Literature is an intermediate between music and painting.

                                           Basically, the deductive method provides us the method which can be applied to the works of art in order to interpret it. The rhythm of literature is narrative and the pattern of literature is a pictorial image of literature.


                                 Rhythm can be easily observed in the natural cycle. According to Frye, everything in nature that we think of as having some analogy with works of art, like the flower or the bird’s song, grows out of a profound synchronization between an organism and the rhythms of its environment, especially that of the solar year. Frye says that the mating dances of birds can be called rituals as well as the harvest festival. 
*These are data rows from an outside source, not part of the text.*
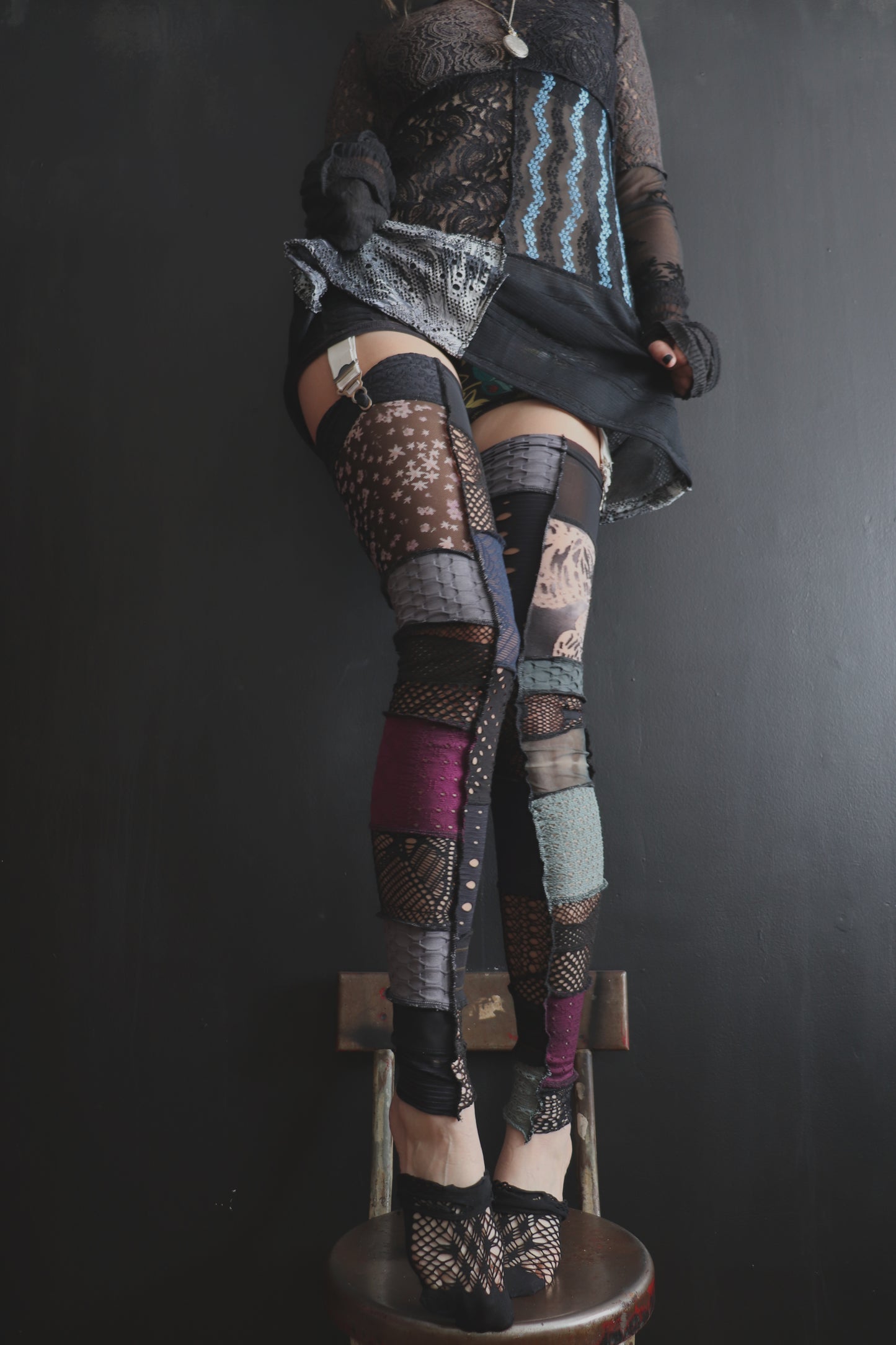 ThenTheyTellYouThatItsComingUpRoses (One Size) Footless Thigh High Stockings Gloomy Garden Mix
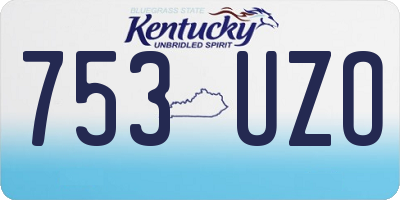 KY license plate 753UZO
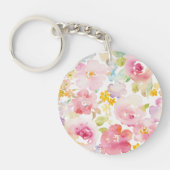 Midzomer | Waterverf Roze Floral Sleutelhanger (Voorkant)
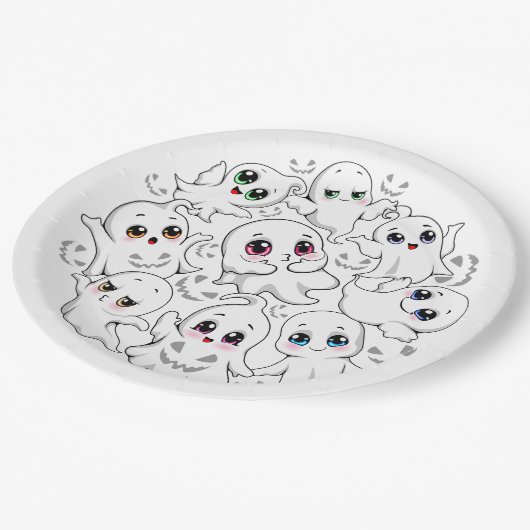 Baby Ghosts Spookoky Niedliche Halloween-Stimmung Pappteller (Schrägansicht)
                                                 
                                    Pattern in literature can provide a symbolic representation of text that is a kind of image or pictorial view of the narration.



Question. Refer to the Indian seasonal grid (below). If you can, please read small Gujarati or Hindi or English poem from the archetypal approach and apply Indian seasonal grid in the interpretation.


I have tried to read a poem of Robert Burns with the reference of the Indian seasonal grid.

Here is the photo of Indian seasonal grid



Well, I have tried to interpret “A Red, Red Rose” by Robert Burns from the archetypal approach. Here is the text-

O my Luve is like a red, red rose
   That’s newly sprung in June;
O my Luve is like the melody
   That’s sweetly played in tune.

So fair art thou, my bonnie lass,
   So deep in luve am I;
And I will luve thee still, my dear,
   Till a’ the seas gang dry.

Till a’ the seas gang dry, my dear,
   And the rocks melt wi’ the sun;
I will love thee still, my dear,
   While the sands o’ life shall run.

And fare thee weel, my only luve!
   And fare thee weel awhile!
And I will come again, my luve,
   Though it were ten thousand mile.


The title ‘Red Rose’ of the poem provides a sense of a symbol. It acts as a symbol of love. Rose itself has a very representation of an emotion. And to understand this archetypal signature of rose, it is necessary to suspect the thing called rose with its color. Every color also has a symbolic significance pertaining to its culture and social context. 

The season of summer is taken as a reference. It is a very comfortable season and for the people of England but The same season with reference to the Indian cycle grid gives an unpleasant feeling. The soothing rays of the sun become the unbearable rays of the hot climate. 

  My luve is like a red, red rose,
That's newly sprung in June.


This is the only mention of roses; the rest of this sixteen line poem is made up of other images, all of them commonplace long before Burns' time.  And even these two lines seem imprecise, and the information of the second is spread rather thinly.  Considering the general tone of modern criticism, with its emphasis on the innovative, the intellectual, the precise, it is surprising that such a poem has retained so much of its esteem and is still widely anthologized.  We are informed that a woman is like "a red, red rose," a newly sprung June one, but not told how.  One could well imagine a 20th century New Critic demanding that the poet justify and clarify his simile before going on to others, especially since it is self-evident that women and roses are in many respects quite unlike each other.  Apparently, most readers, even critical ones, accept the proposition that a woman, at least a woman that one is in love with, is like a rose as self-validating.

References

M H Abrams. A Dictionary of Literary terms

The_Rose_Archetype, meadhall.homestead.com/The_Rose_Archetype.html.

Philip Wheelwright, Metaphor and Reality (Bloomington:  Univ. of Indiana Press, 1962), p. 161.